Intensifying natural disturbance regimes are driving changes in turbulent forest‐atmosphere exchange of energy and carbon dioxide (CO2), which are affecting the atmosphere at local to global scales. In the European Alps, windthrow and bark beetle infestations have been increasing in severity and intensity; however, studies employing eddy covariance to investigate net ecosystem‐atmosphere exchange of sensible (H) and latent heat (LE), and CO2 (NEE) along forest disturbance chronosequences in this ecoregion have yet to emerge. This paper presents the first eddy covariance measurements at windthrow sites in the European Alps. Despite the complex terrain, turbulent flux data quality at the sites was high, as indicated by the near‐100% energy balance closures and the large proportion of data satisfying strict quality criteria. Seasonal datasets (15th May-15th October) from the two sites (disturbed in 2009 and 2007, respectively) were subsequently combined in a time series‐chronosequence approach to investigate H, LE, and NEE over the 2nd to 8th growing seasons post‐windthrow. While varying weather conditions strongly influenced energy partitioning, post-disturbance vegetation recovery coincided with a general decrease in median summer Bowen ratios (H/LE), although the decline was most pronounced between the 2nd and 3rd summers.

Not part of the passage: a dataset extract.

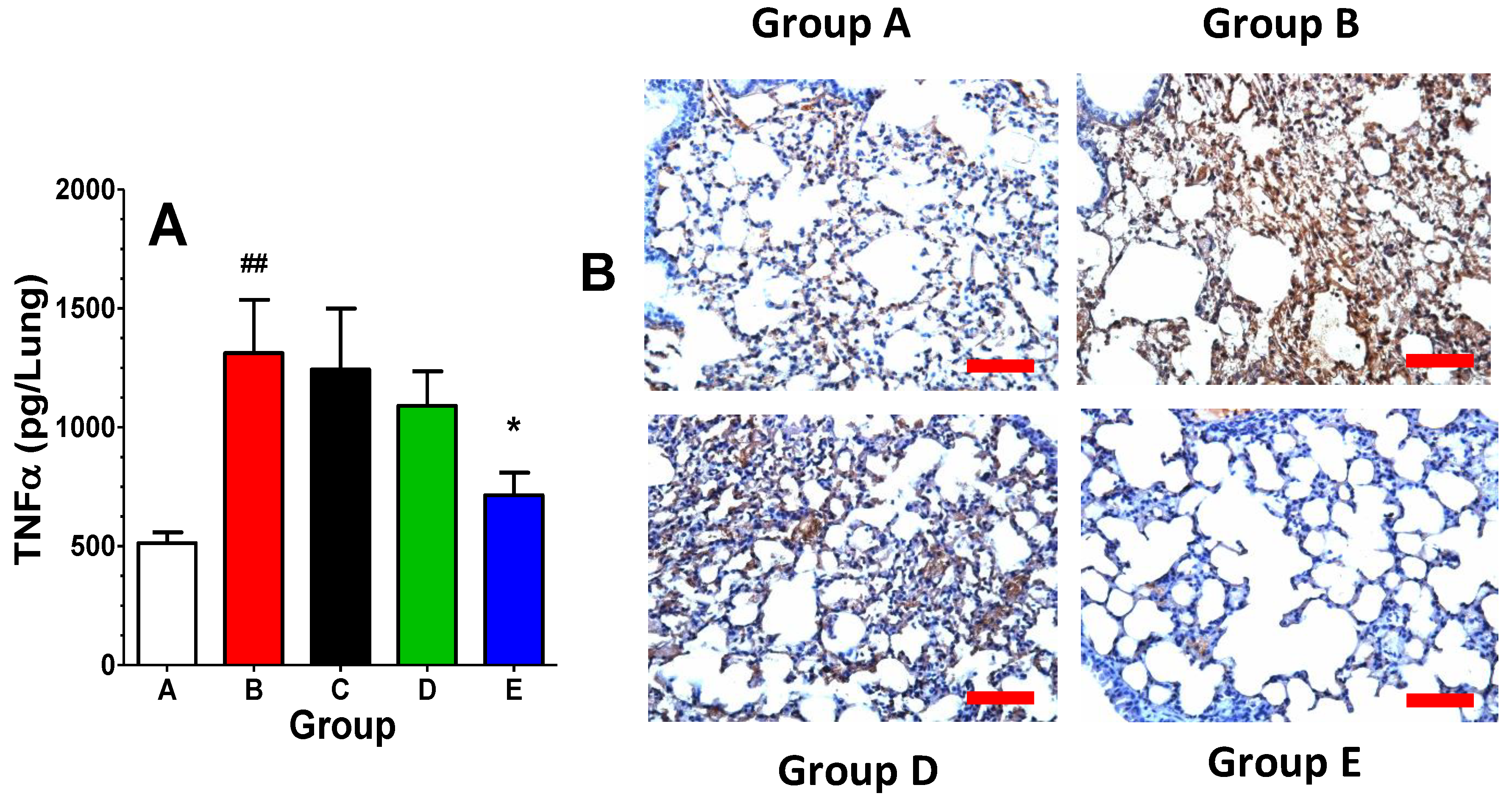 Ijms 25 02322 g004 Ijms 25 02322 g004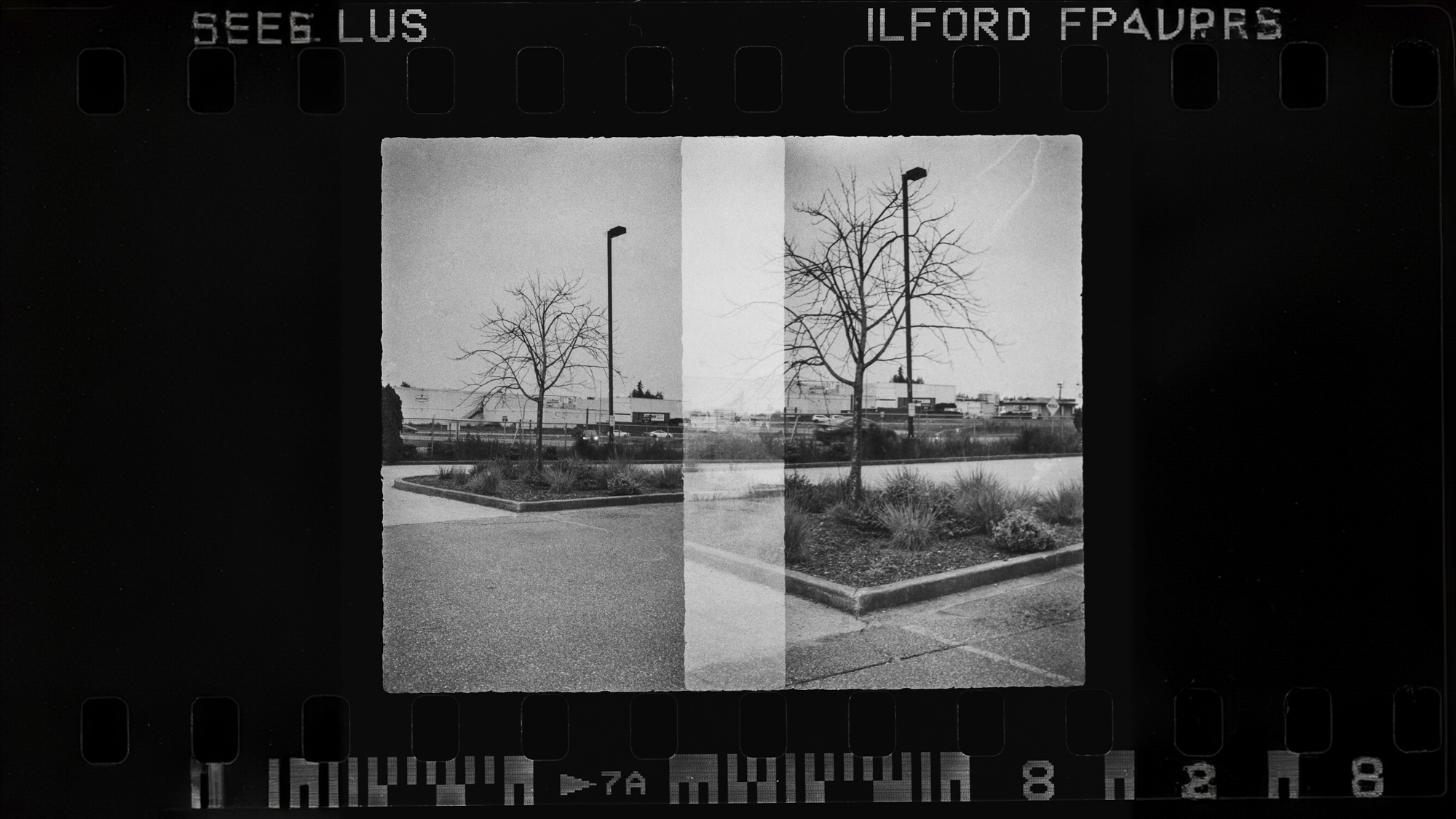 Alfie Tych camera black and white film scan diptic of a tree in an urban landscape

Net CO2 emissions on the other hand demonstrated a clear and consistent post‐disturbance decline, though the seasonal fluxes point toward large losses of ecosystem carbon (C) after disturbance. In the 3rd season post‐windthrow, a net total of 405 ± 15 g C m−2 was lost to the atmosphere, while the seasonal net ecosystem production of −4 ± 16 g C m−2 observed at the 2007 windthrow site indicates that 8 years after disturbance the site remains an annual net C source. This study therefore demonstrates that eddy covariance can provide robust and valuable insights into forest disturbance impacts on H, LE, and NEE in the European Alps.